Le produit également pose question pour lutter contre les compagnies du Golfe. Même s’il sera de bonne facture, il restera en dessous de celui d’Air France et par conséquent de celui des compagnies du Golfe. N’y-a-t-il pas un risque de voir les clients, notamment de classe affaires, choisir les concurrents du Golfe réputés pour la qualité de leurs services ?

D’autant que le positionnement de cette compagnie constitue une autre interrogation. Car la menace est bien plus large que celle des compagnies du Golfe sur les lignes mi-business/mi loisirs.
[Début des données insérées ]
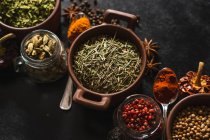 Top view composition with different kinds of natural aromatic spices placed on slate surface background — Stock Photo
Que se passera-t-il demain si Norwegian, déjà présente à Roissy, passe à la vitesse supérieure sur des lignes «business» transatlantiques ? Que se passera-t-il demain quand la low-cost long-courrier française French Blue passera elle aussi la vitesse supérieure sur certaines destinations loisirs (La Réunion en 2017, L’Île Maurice en 2018) ? Voire sur des lignes mi-business/mi loisirs?

Ne faudra-t-il pas pousser cette compagnie Air France bis vers au-delà des seuls marchés «mi-business/mi loisirs » ? Et si oui, le produit initial sera-t-il adapté ? Pas sûr. Le projet de la direction répond à un constat de l’environnement concurrentiel valable aujourd’hui. Pour autant, ce dernier risque d’avoir sérieusement évolué au moment même du début des premiers vols.
Une mise en route qui prendra du temps

Justement, le calendrier interpelle lui aussi. Si le lancement de l’activité moyen-courrier de cette nouvelle compagnie est prévue pour la prochaine saison hiver (fin octobre 2017), celui de l’activité long-courrier ne commencera pas avant le début de la saison été 2018 (à partir de fin mars). Soit dans un an et demi… Ce qui est long pour une entreprise qui veut devenir plus agile. Pour rappel, le groupe Dubreuil propriétaire d’Air Caraïbes n’aura mis qu’un an pour créer une compagnie sœur French Blue. Ce délai s’explique en partie par la négociation qui va être lancée avec les syndicats de personnels navigants pour non seulement définir de nouvelles conditions de travail et de rémunération des pilotes et des hôtesses et stewards d’Air France mais aussi de la nouvelle compagnie. Pendant ce temps là, les concurrents auront 18 mois pour se préparer.

Quel périmètre ?

Autre interrogation, la taille de cette nouvelle compagnie et ses capacités croissance. Si, aucun chiffre n’a été donné pour le moyen-courrier, la tendance semble néanmoins donnée. Tôt ou tard, l’alimentation du hub de Roissy risque d’être assurée par cette compagnie B. C’est un peu le sens de l’histoire. Sur le long-courrier, la direction vise 10 avions en 2020, lesquels seront déployés sur les 10% des lignes long-courriers lourdement déficitaires. Ces 10 appareils d’ici à quatre ans semblent bien peu face à l’armada des compagnies du Golfe. Les négociations avec les syndicats de pilotes porteront évidemment sur des accords de périmètre entre Air France et sa filiale. Pour gagner en agilité, Ils devront être plus ouverts que celui négocié avec les pilotes d’Air France pour la création de Transavia qui limitait la croissance de la compagnie à 14 avions.

«Il faudrait un système souple, un peu comme celui qui est en vigueur chez KLM avec Transavia où chaque année, un comité ad hoc examine la rentabilité des lignes et détermine quelle est compagnie dispose des meilleurs coûts », explique un connaisseur de l’entreprise.

Reste à savoir si les syndicats accepteront in fine une telle création.